Wednesday, February 2, 2011

Day 11 - request context : a necessary evil ?

I'm right in the modules and more precisely the module context. First, let me try to explain the idea.

Let's say you write a module that gets a domain as input and submits a request to various search engines (google, yahoo, bing) to figure out how many pages each of them indexes for this domain. You know nginx is asynchronous so you definitely should not be holding back while you are waiting for an answer from each of them. You should return to nginx saying "I have submitted my requests, come back to me when you have news from those connections". Now, nginx being a nice back will do exactly that : get back to you as soon as he has news from one of the search engines. Now, the problem is two-fold : first you have to figure which one and second you have to figure out when you are done. To do so, nginx offers you (the module developper) a mechanism called the module module context. It's fairly simple: it's a pointer to a memory zone you allocated and that nginx will keep for you as associated to this request and your module. Not only will it keep it for you, but it will also give it back to you if you ask nicely and provide a request. This is what I call an explicit context.

Now, when you are developing in a more "traditional way" (let's say PHP or Java) you don't bother about all this because the context is basically managed for you by the engine (it is both in the stack itself and/or in some thread-attached structure). The context is always associated with the thread and you don't have to bother. This is what I call an implicit context.

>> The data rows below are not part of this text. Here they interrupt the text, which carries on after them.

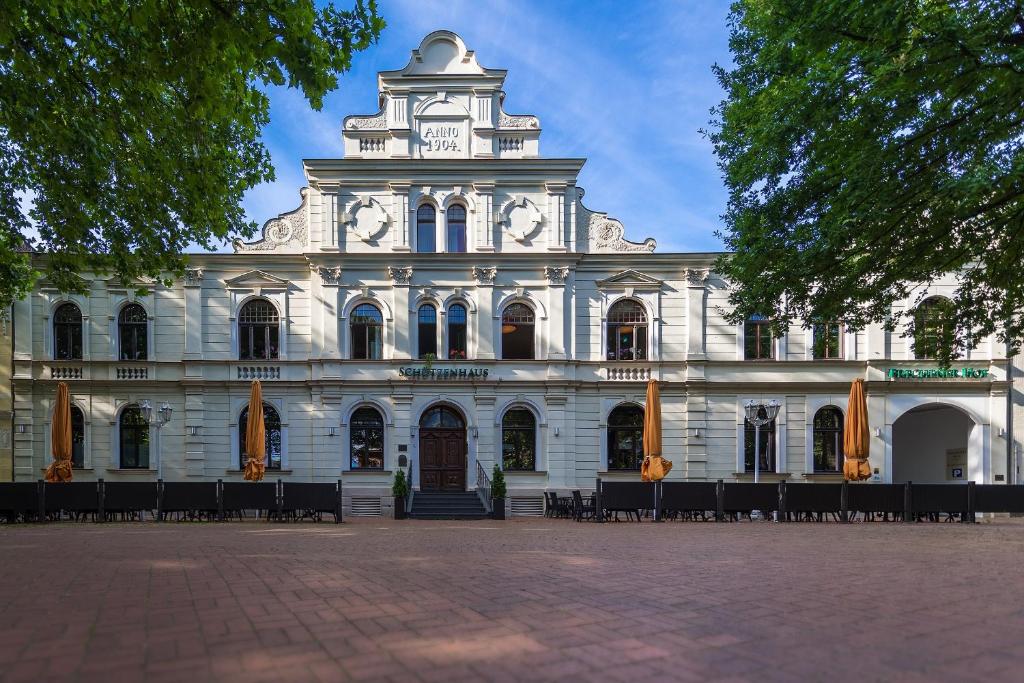 ein großes weißes Gebäude mit einem Turm oben in der Unterkunft Hotel Frechener Hof in Frechen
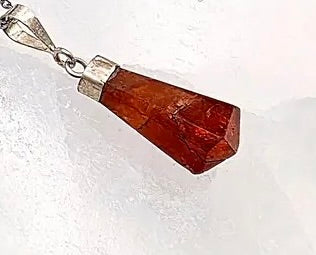 Pendant Orange Garnet Point on a crystal background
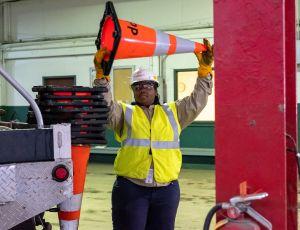 worker loading traffic cones on truck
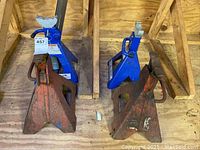 Two pairs of automotive jack stands in wooden crate, one blue and one orange rusted pair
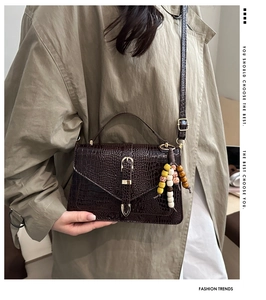 Detail of dark brown croc-effect handbag with V-flap, gold buckle and beaded charm
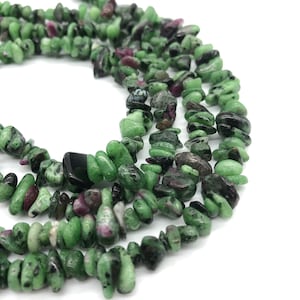 Op de afbeelding: Een streng groene, zwarte en roze edelsteenchips. De chips zijn onregelmatig gevormd en hebben een natuurlijke, ruwe textuur.
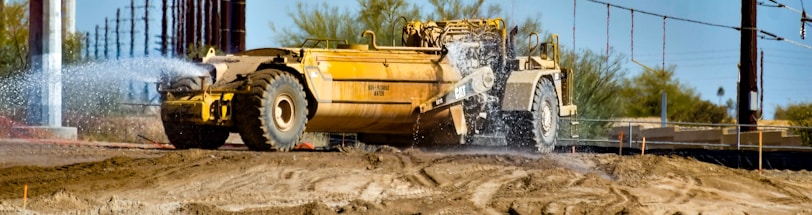 A large yellow construction vehicle sprays water onto a dirt surface, likely to control dust at a construction site. The scene includes dry soil, some sparse vegetation in the background, and power lines overhead.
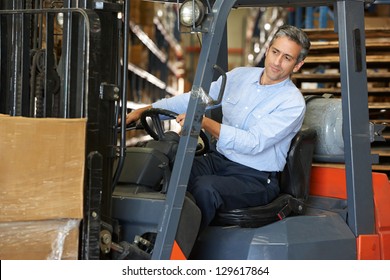 Man Driving Fork Lift Truck In Warehouse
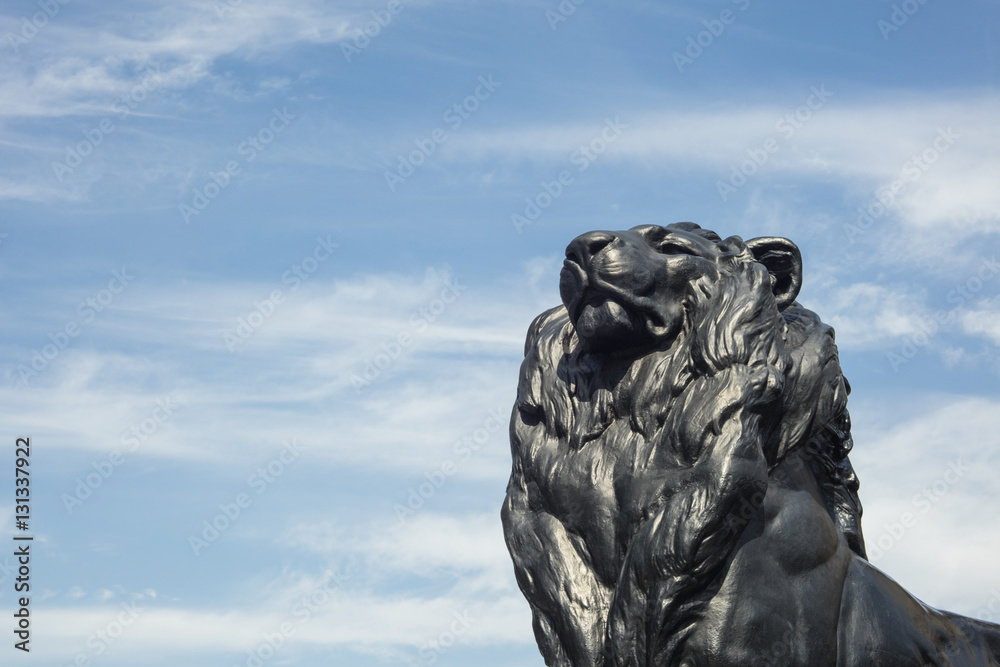Detail of statue of a king lion, which belongs to Christopher Columbus Monument in Barcelona, Spain Detail of statue of a king lion, which belongs to Christopher Columbus Monument in Barcelona, Spain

Both approaches are fine. The explicit context is geared towards performance at the cost of developers nightmares. The implicit context makes developers life easier but is suboptimal (you end up with a bunch of things you don't need in your context.

If I had a magic wand (or if I was smarter) I would create a programming model (or would that need to be a language of itself) where it would be easy to decide what to put in your context. You could decide to put "all sockets I'm going to open from now on" or the good-old stack, or some kind of closure (in the style of javascript where you end up with pretty much everything and the kitchen sink in your context). Food for thought...

As I'm already having trouble figuring out how a web server works, I'll forget about this and get back to my original journey.